Mr. Longdon fairly flushed with recognition. “You’re very deep, but with what we perceive—why doesn’t he?”
Mitchy continued visibly to have his amusement, which might have been, this time and in spite of the amalgamation he had pictured, for what “they” perceived. But he threw off after an instant an answer clearly intended to meet the case. “He thinks he hasn’t the means. He has great ideas of what a fellow must offer a woman.”
Mr. Longdon’s eyes travelled a while over the amenities about him. “He hasn’t such a view of himself alone—?”

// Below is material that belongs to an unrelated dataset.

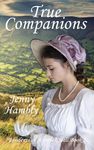 True Companions: Residents of Ashwick Hall Book 2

“As to make him think he’s enough as he stands? No,” said Mitchy, “I don’t fancy he has a very awful view of himself alone. And since we ARE burning this incense under his nose,” he added, “it’s also my impression that he has no private means. Women in London cost so much.”
Mr. Longdon had a pause. “They come very high, I dare say.”
“Oh tremendously. They want so much—they want everything. I mean the sort of women he lives with. A modest man—who’s also poor—isn’t in it. I give you that at any rate as his view. There are lots of them that would—-and only too glad—‘love him for himself’; but things are much mixed, and these not necessarily the right ones, and at all events he doesn’t see it. The result of which is that he’s waiting.”